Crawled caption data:

• • • • •

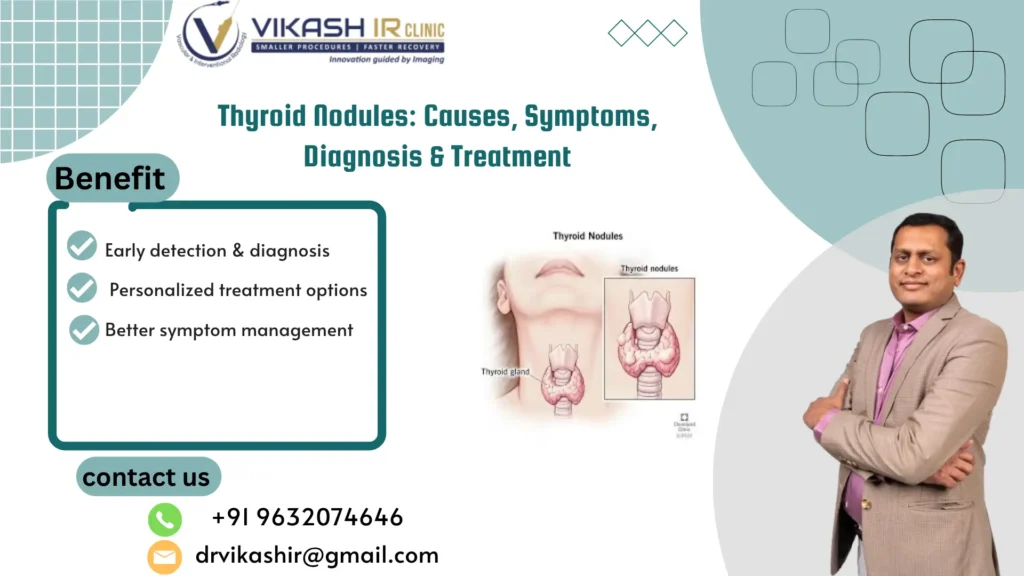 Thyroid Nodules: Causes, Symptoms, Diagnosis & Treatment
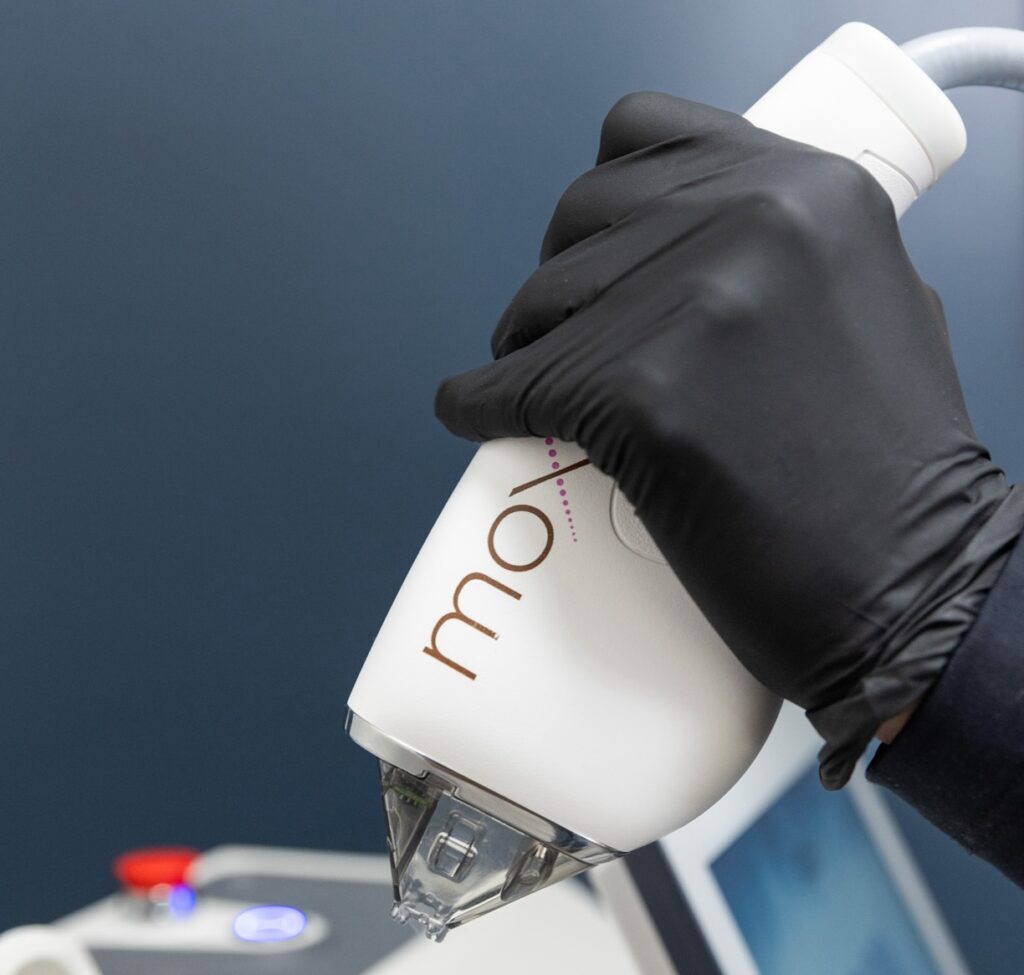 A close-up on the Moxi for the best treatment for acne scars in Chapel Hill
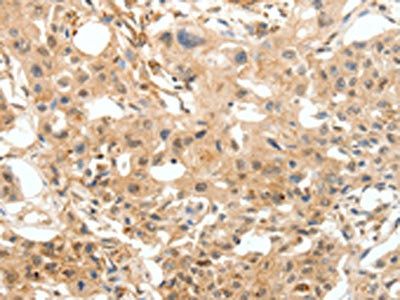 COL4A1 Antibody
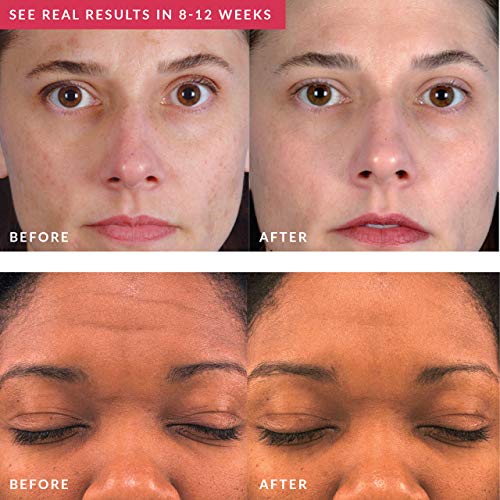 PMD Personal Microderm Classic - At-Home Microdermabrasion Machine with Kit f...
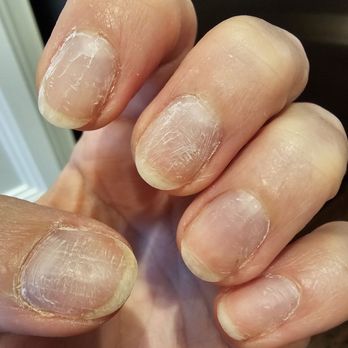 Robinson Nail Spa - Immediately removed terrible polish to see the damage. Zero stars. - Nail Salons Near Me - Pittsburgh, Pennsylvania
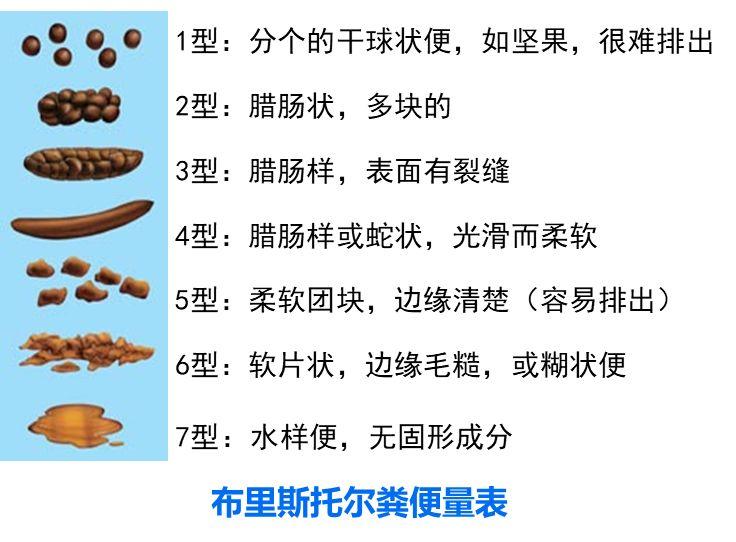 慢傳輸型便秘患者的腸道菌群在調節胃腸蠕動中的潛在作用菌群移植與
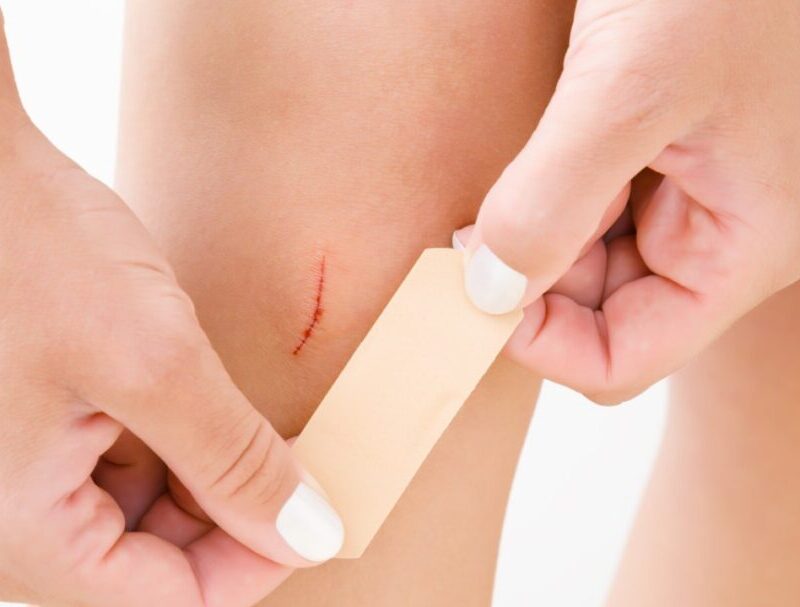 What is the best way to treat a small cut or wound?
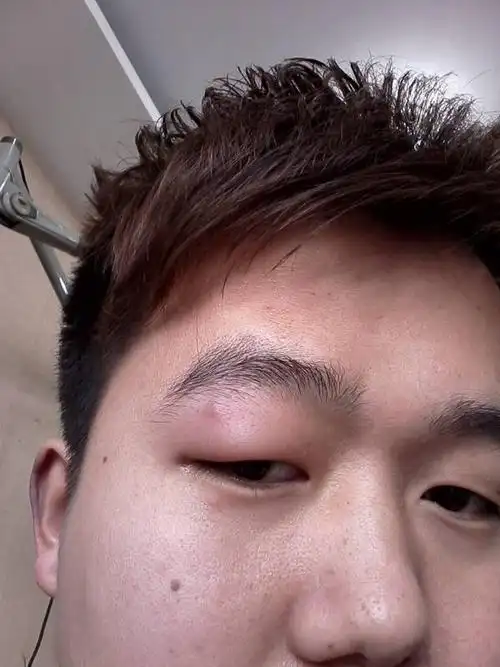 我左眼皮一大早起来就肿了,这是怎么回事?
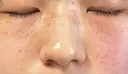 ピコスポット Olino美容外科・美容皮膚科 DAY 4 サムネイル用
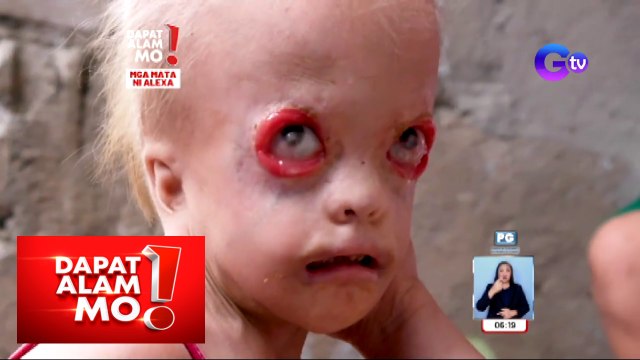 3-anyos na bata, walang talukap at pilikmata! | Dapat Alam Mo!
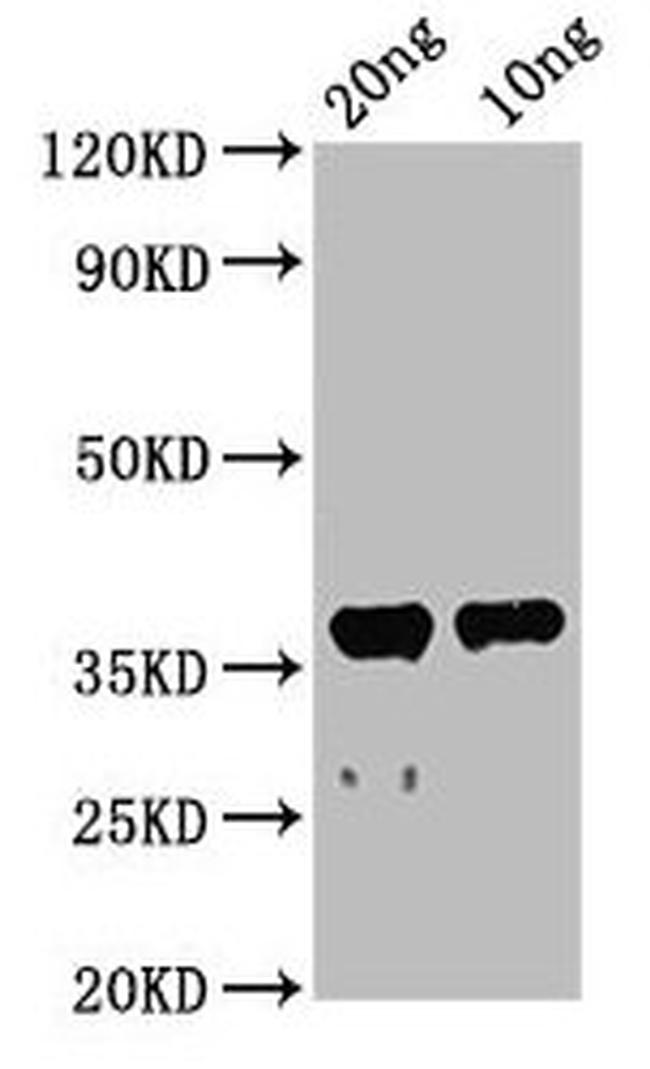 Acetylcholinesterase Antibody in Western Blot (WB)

• • • • •

Please output, exactly as written, the lines above from the one holding "A close-up on" through the one holding "ピコスポット Olino美容外科・美容皮膚科 DAY 4 サムネイル用", both included, with the pictures omitted.

 A close-up on the Moxi for the best treatment for acne scars in Chapel Hill
 COL4A1 Antibody
 PMD Personal Microderm Classic - At-Home Microdermabrasion Machine with Kit f...
 Robinson Nail Spa - Immediately removed terrible polish to see the damage. Zero stars. - Nail Salons Near Me - Pittsburgh, Pennsylvania
 慢傳輸型便秘患者的腸道菌群在調節胃腸蠕動中的潛在作用菌群移植與
 What is the best way to treat a small cut or wound?
 我左眼皮一大早起来就肿了,这是怎么回事?
 ピコスポット Olino美容外科・美容皮膚科 DAY 4 サムネイル用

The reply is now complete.